Definition: The Duality in Linear Programming states that every linear programming problem has another linear programming problem related to it and thus can be derived from it. The original linear programming problem is called “Primal,” while the derived linear problem is called “Dual.”
Before solving for the duality, the original linear programming problem is to be formulated in its standard form. Standard form means, all the variables in the problem should be non-negative and “≥,” ”≤” sign is used in the minimization case and the maximization case respectively.
The concept of Duality can be well understood through a problem given below:
Z = 50x1+30x2
4x1 + 3x2 ≤ 100
3x1 + 5x2 ≤ 150
X1, x2 ≥ 0
The duality can be applied to the above original linear programming problem as:
G = 100y1+150y2
4y1 + 3y1 ≥ 50
3y1 +5y2 ≥ 30
Y1, y2 ≥ 0
The following observations were made while forming the dual linear programming problem:
- The primal or original linear programming problem is of the maximization type while the dual problem is of minimization type.
- The constraint values 100 and 150 of the primal problem have become the coefficient of dual variables y1 and y2 in the objective function of a dual problem and while the coefficient of the variables in the objective function of a primal problem has become the constraint value in the dual problem.

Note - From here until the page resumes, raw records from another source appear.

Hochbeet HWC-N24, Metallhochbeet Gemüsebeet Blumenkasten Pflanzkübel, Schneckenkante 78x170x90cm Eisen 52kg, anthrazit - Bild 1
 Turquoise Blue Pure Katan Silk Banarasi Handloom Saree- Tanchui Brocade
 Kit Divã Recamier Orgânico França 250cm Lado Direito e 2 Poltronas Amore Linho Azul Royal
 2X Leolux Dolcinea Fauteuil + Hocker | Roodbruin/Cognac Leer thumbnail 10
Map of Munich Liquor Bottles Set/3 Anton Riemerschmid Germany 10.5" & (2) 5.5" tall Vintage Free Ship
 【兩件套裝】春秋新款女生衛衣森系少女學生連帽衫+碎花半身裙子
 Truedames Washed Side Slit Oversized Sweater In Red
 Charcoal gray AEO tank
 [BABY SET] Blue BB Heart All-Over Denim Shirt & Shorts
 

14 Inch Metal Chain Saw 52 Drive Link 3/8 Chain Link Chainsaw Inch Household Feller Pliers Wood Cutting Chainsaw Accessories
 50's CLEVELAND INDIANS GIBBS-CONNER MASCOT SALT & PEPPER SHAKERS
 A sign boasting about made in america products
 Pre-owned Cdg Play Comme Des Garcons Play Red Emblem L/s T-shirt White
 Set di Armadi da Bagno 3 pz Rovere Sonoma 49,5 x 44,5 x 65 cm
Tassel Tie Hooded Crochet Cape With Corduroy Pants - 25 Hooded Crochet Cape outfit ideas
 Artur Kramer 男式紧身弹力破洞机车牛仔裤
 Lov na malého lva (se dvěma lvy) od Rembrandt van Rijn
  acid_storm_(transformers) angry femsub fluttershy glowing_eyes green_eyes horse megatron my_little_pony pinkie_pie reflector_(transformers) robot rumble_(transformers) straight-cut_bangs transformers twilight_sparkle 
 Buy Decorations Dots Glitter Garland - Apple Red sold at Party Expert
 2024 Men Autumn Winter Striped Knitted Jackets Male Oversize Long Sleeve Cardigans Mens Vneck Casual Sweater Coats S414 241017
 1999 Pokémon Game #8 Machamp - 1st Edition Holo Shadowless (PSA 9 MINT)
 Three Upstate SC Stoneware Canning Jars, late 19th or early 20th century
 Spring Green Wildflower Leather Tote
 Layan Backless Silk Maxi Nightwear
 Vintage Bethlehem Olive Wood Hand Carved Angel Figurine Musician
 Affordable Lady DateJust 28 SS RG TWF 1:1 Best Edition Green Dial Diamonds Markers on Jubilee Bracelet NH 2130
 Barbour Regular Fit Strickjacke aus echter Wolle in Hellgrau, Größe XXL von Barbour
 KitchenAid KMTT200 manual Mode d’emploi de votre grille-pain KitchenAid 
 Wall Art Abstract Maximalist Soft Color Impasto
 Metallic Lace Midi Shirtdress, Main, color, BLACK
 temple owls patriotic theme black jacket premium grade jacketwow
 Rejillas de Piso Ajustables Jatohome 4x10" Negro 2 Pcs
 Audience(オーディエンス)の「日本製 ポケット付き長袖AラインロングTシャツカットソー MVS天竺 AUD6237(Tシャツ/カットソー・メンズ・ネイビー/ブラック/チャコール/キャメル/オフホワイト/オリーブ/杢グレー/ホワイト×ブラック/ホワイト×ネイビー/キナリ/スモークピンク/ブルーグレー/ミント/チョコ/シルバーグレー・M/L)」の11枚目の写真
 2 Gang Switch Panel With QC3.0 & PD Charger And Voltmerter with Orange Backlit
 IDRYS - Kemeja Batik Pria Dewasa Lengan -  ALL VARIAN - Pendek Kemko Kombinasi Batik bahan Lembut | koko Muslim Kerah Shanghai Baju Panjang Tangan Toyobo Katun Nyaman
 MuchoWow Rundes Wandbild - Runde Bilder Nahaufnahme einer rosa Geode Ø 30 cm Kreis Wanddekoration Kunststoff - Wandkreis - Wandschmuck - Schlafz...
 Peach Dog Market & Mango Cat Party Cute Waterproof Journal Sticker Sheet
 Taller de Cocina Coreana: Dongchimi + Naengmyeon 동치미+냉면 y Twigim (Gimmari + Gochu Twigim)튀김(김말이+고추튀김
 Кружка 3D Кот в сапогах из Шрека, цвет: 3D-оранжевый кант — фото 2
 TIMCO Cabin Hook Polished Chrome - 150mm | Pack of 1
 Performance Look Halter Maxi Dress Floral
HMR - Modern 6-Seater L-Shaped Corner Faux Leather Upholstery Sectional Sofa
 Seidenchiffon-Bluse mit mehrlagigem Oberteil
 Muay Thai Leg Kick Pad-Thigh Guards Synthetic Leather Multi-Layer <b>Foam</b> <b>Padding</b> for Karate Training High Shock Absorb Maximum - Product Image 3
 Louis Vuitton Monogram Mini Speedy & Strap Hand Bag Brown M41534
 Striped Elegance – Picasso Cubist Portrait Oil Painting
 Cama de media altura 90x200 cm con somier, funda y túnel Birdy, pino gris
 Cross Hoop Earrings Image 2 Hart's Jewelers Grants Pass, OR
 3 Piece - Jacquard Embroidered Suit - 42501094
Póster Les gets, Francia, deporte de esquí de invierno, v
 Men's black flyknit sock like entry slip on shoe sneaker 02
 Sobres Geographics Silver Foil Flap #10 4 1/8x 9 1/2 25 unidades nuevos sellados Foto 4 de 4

- The first column in the constraint inequality of primal problem has become the first row in a dual problem and similarly the second column of constraint has become the second row in the dual problem.
- The directions of inequalities have also changed, i.e. in the dual problem, the sign is the reverse of a primal problem. Such that in the primal problem, the inequality sign was “≤” but in the dual problem, the sign of inequality becomes “≥”.
Note: The dual of a dual problem is the primal problem.